October 22, 2013, 11:51 AM — The number of DDoS (distributed denial-of-service) attacks that target weak spots in Web applications in addition to network services has risen during the past year and attackers are using increasingly sophisticated methods to bypass defenses, according to DDoS mitigation experts.
Researchers from Incapsula, a company that provides website security and DDoS protection services, recently mitigated a highly adaptive DDoS attack against one of its customers that went on for weeks and combined network-layer with application-layer -- Layer 7 -- attack techniques.
The target was a popular trading site that belongs to a prominent player in a highly competitive online industry and it was one of the most complex DDoS attacks Incapsula has ever had to deal with, the company's researchers said in a blog post.
The attack started soon after an ex-partner left the targeted company and the attackers appeared to have intimate knowledge of the weak spots in the target's infrastructure, suggesting that the two events might be connected, the researchers said.
The attack began with volumetric SYN floods designed to consume the target's bandwidth. It then progressed with HTTP floods against resource intensive pages, against special AJAX objects that supported some of the site's functions and against Incapsula's own resources.

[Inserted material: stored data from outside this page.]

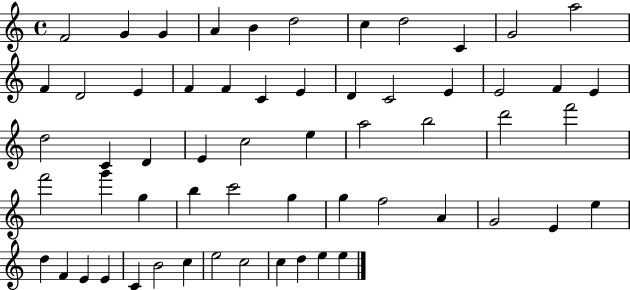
F4/h G4/q G4/q A4/q B4/q D5/h C5/q D5/h C4/q G4/h A5/h F4/q D4/h E4/q F4/q F4/q C4/q E4/q D4/q C4/h E4/q E4/h F4/q E4/q D5/h C4/q D4/q E4/q C5/h E5/q A5/h B5/h D6/h F6/h F6/h G6/q G5/q B5/q C6/h G5/q G5/q F5/h A4/q G4/h E4/q E5/q D5/q F4/q E4/q E4/q C4/q B4/h C5/q E5/h C5/h C5/q D5/q E5/q E5/q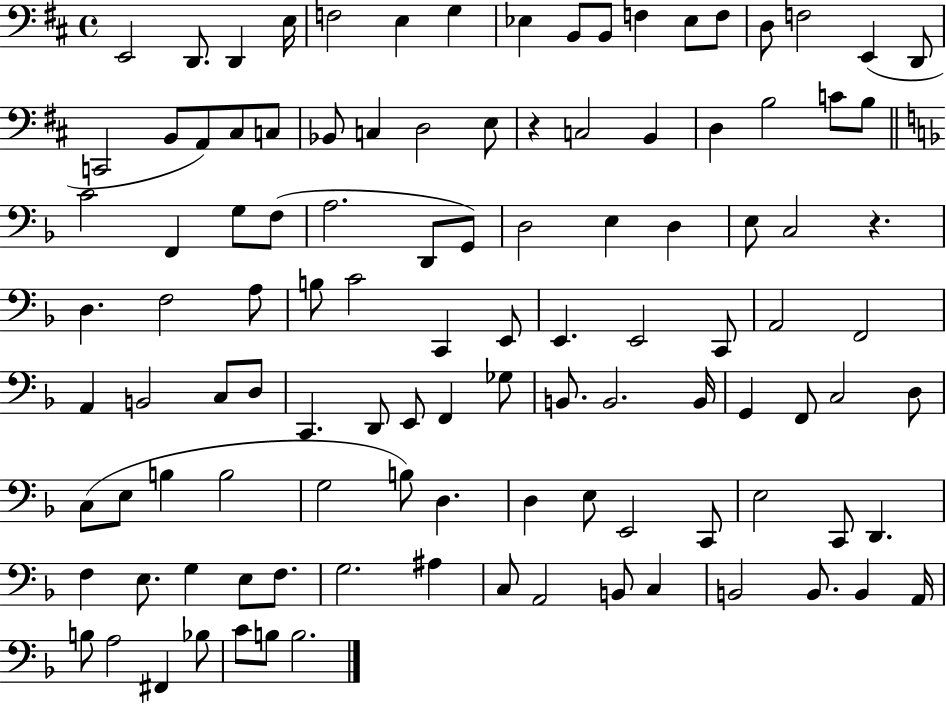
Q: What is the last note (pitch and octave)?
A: B3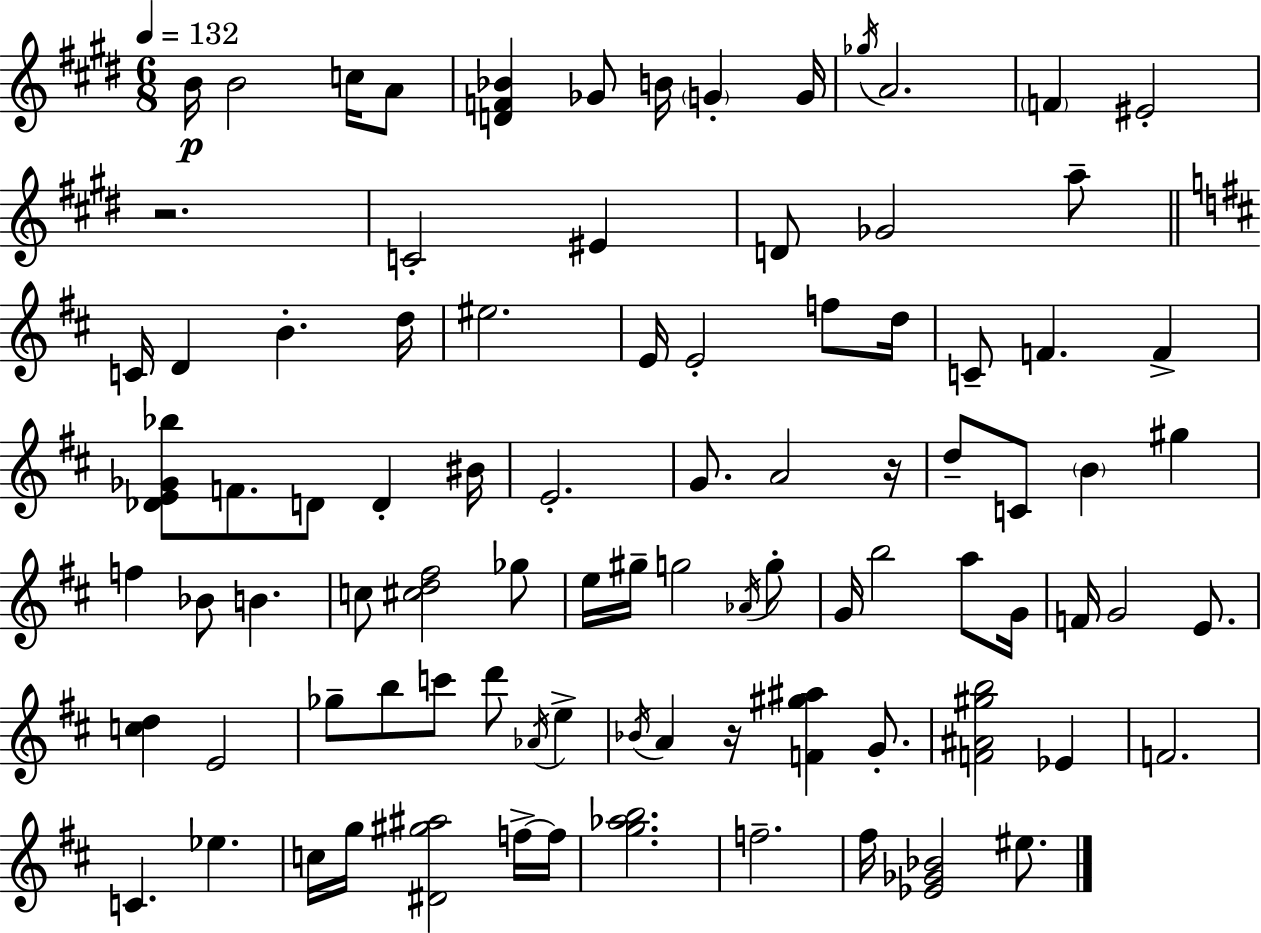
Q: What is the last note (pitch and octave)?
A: EIS5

The attackers then switched to using DDoS bots capable of storing session cookies in an attempt to bypass a mitigation technique that uses cookie tests to determine if requests come from real browsers. The ability to store cookies is usually a feature found in full-fledged browsers, not DDoS tools.
As Incapsula kept blocking the different attack methods, the attackers kept adapting and eventually they started flooding the website with requests sent by real browsers running on malware-infected computers.

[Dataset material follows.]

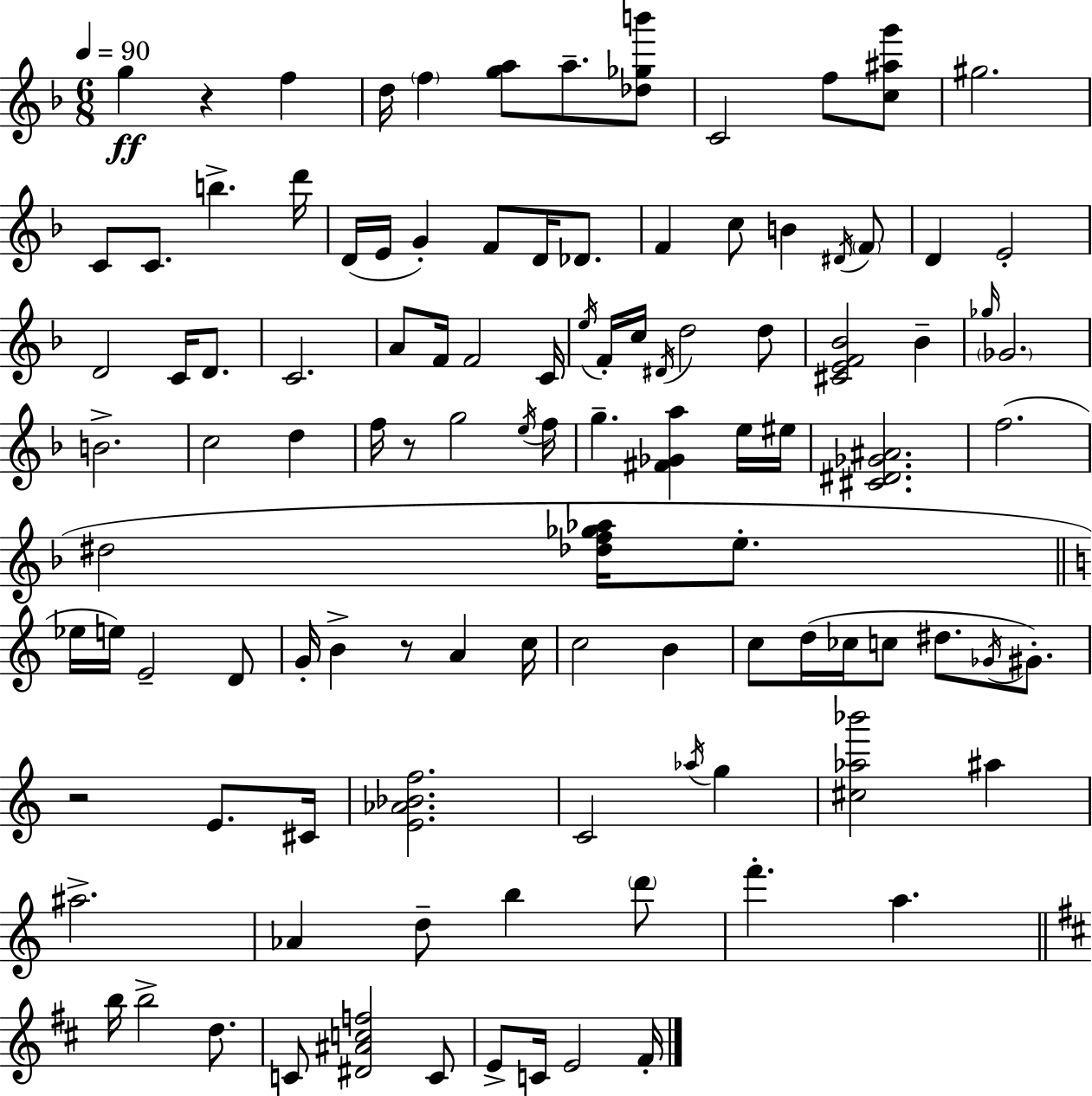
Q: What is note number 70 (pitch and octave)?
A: D#5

"It looked like an abnormally high spike in human traffic," the Incapsula researchers said. "Still, even if the volumes and behavioral patterns were all wrong, every test we performed showed that these were real human visitors."
This real-browser attack was being launched from 20,000 computers infected with a variant of the PushDo malware, Incapsula later discovered. However, when the attack first started, the company had to temporarily use a last-resort mitigation technique that involved serving CAPTCHA challenges to users who matched a particular configuration.
The company learned that a PushDo variant capable of opening hidden browser instances on infected computers was behind the attack after a bug in the malware caused the rogue browser windows to be displayed on some computers. This led to users noticing Incapsula's block pages in those browsers and reaching out to the company with questions.